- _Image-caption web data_
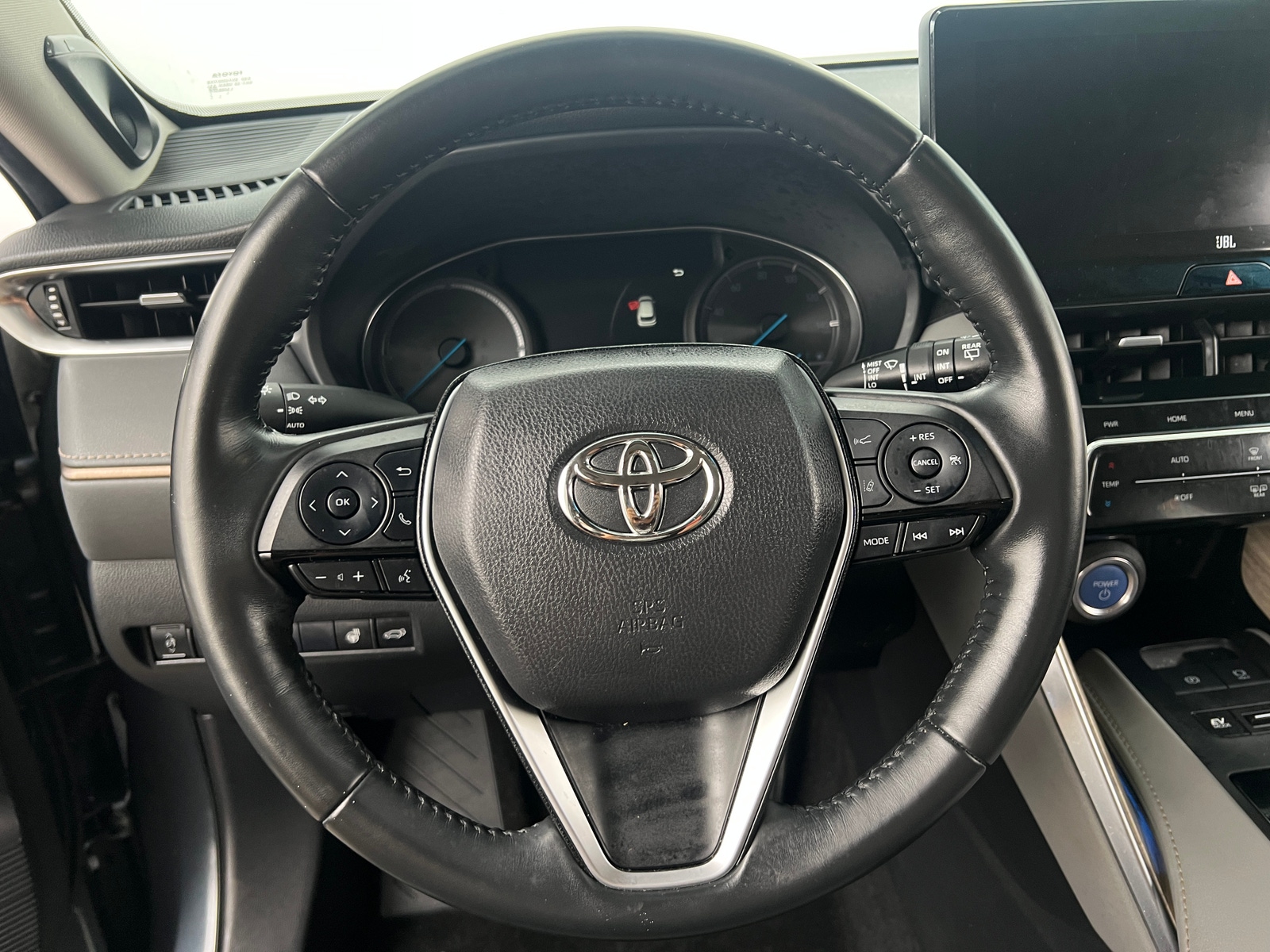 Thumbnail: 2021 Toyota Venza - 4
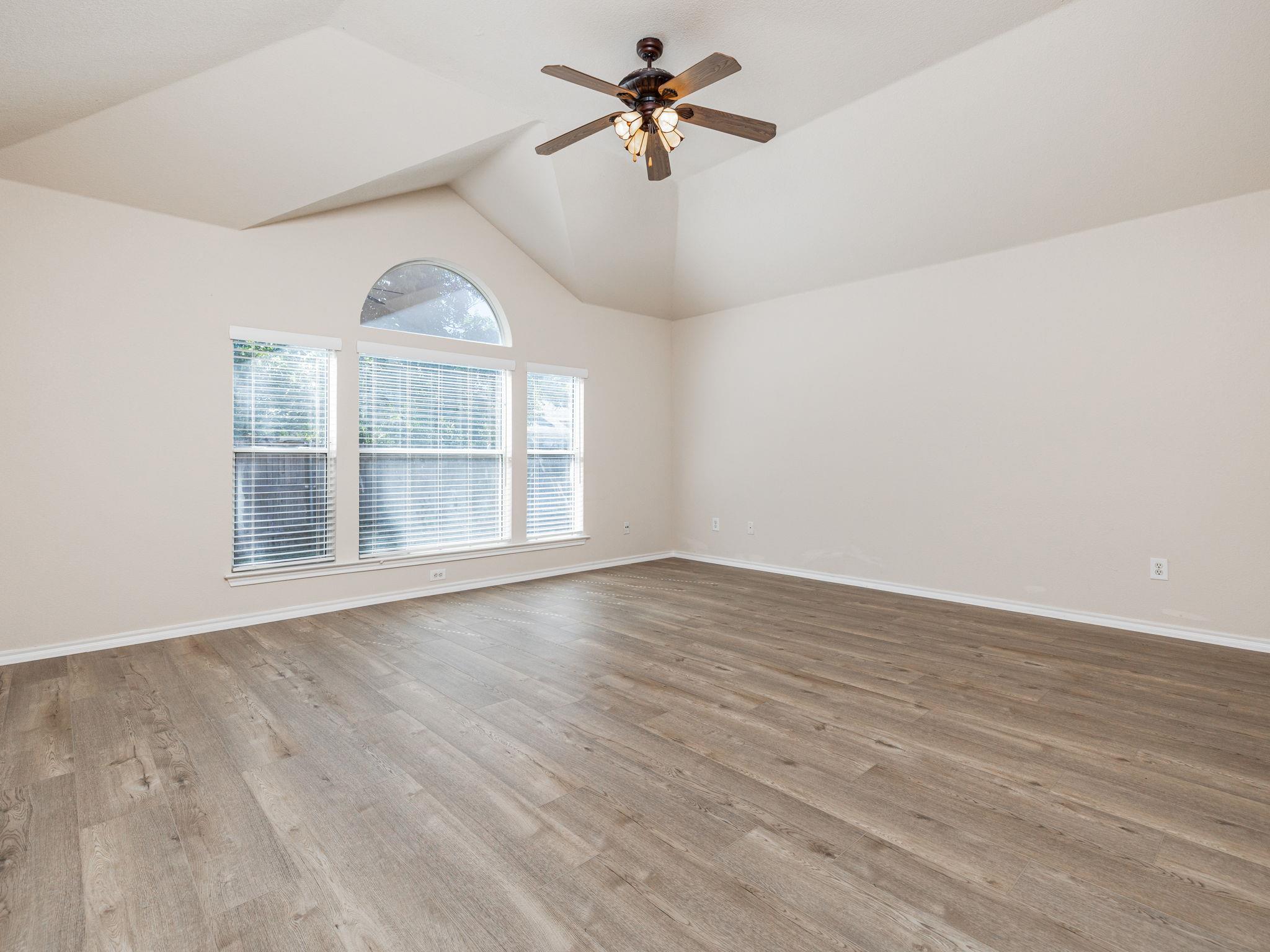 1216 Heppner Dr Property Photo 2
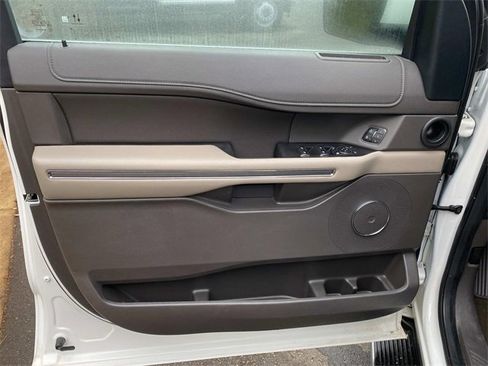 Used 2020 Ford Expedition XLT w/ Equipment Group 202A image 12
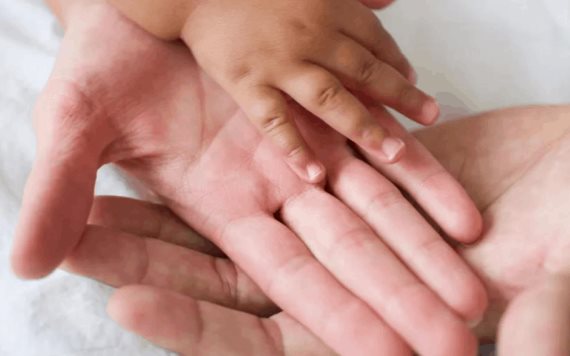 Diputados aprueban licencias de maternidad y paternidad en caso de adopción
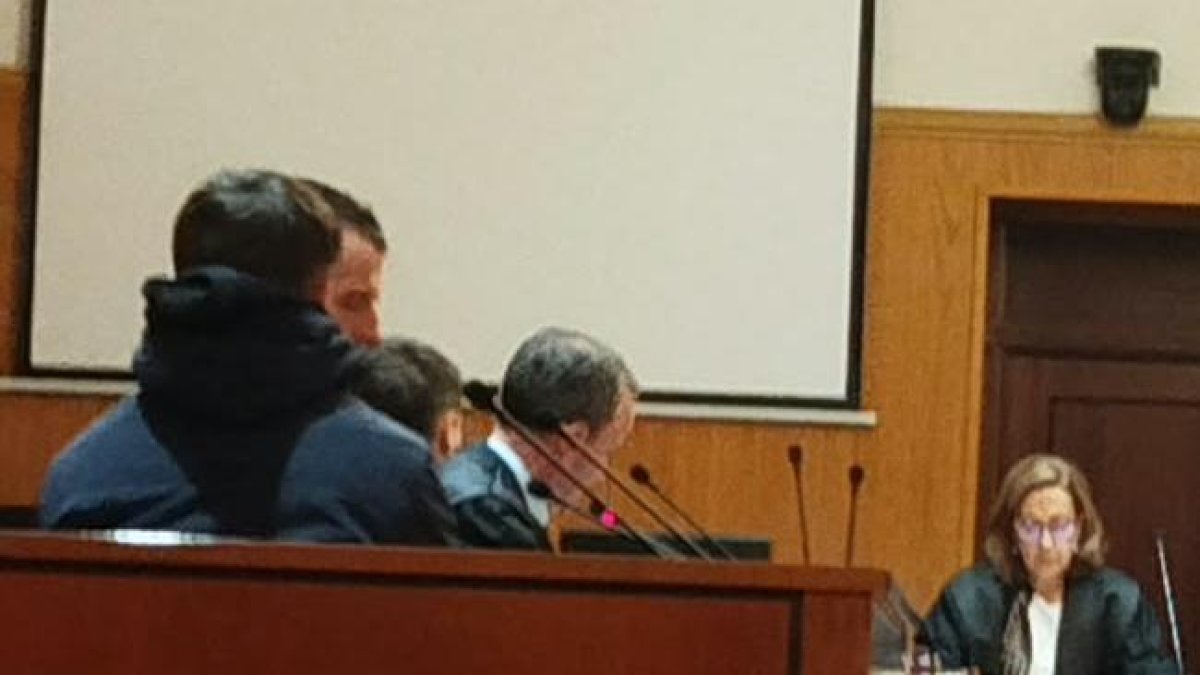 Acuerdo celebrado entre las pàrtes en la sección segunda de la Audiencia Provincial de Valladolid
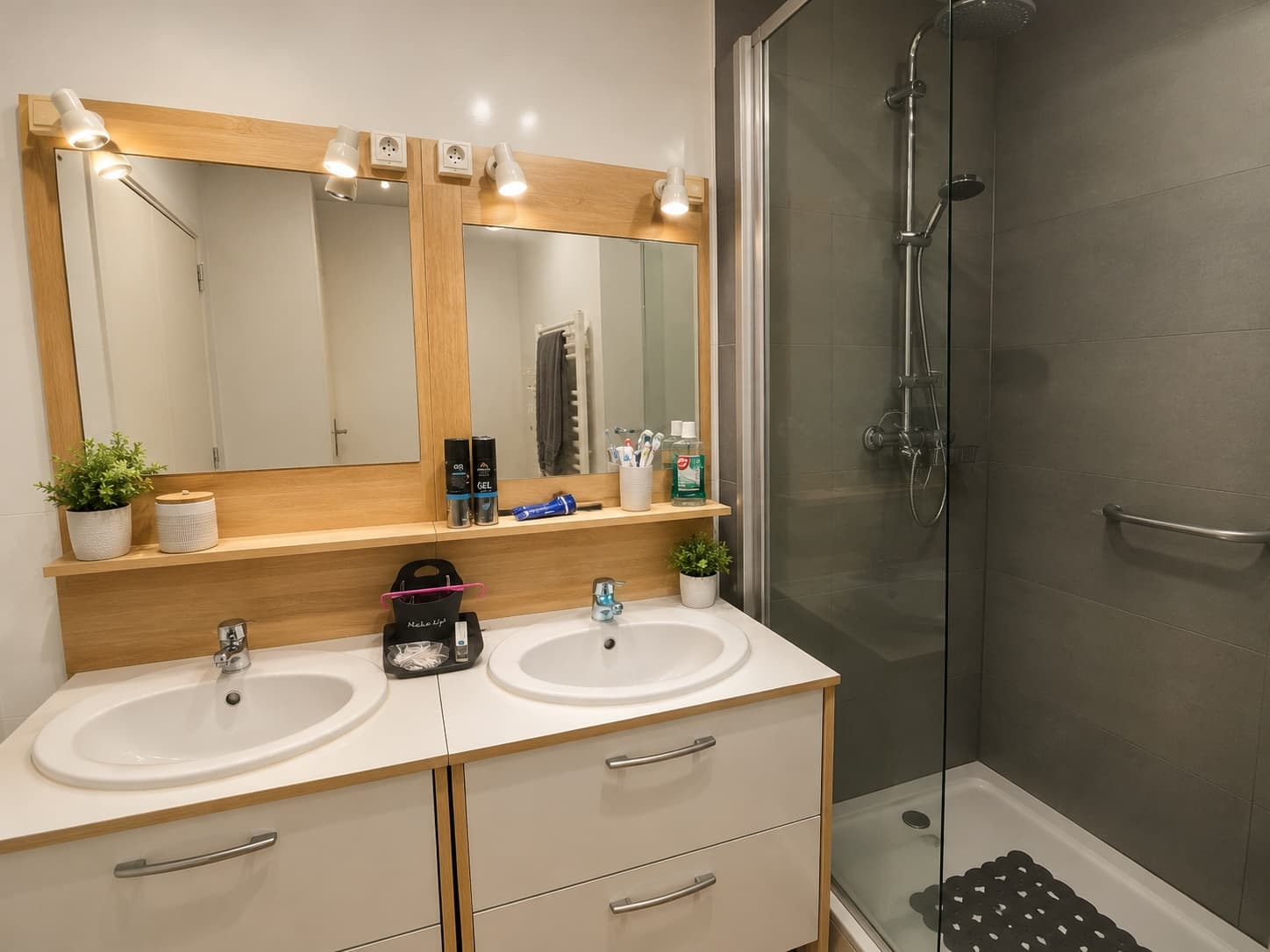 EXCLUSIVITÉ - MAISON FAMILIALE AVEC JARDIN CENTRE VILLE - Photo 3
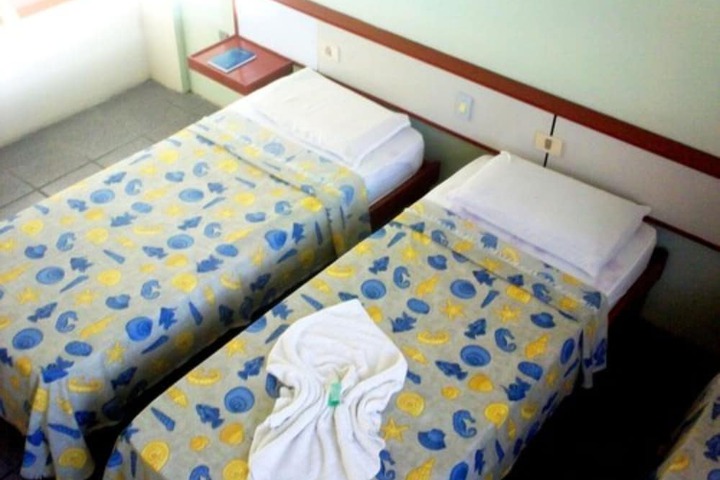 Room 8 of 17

- _TASK BRIEF_
Send back every record exactly as it stands, except the pictures.

- _WRITTEN REPLY_
 Thumbnail: 2021 Toyota Venza - 4
 1216 Heppner Dr Property Photo 2
 Used 2020 Ford Expedition XLT w/ Equipment Group 202A image 12
 Diputados aprueban licencias de maternidad y paternidad en caso de adopción
 Acuerdo celebrado entre las pàrtes en la sección segunda de la Audiencia Provincial de Valladolid
 EXCLUSIVITÉ - MAISON FAMILIALE AVEC JARDIN CENTRE VILLE - Photo 3
 Room 8 of 17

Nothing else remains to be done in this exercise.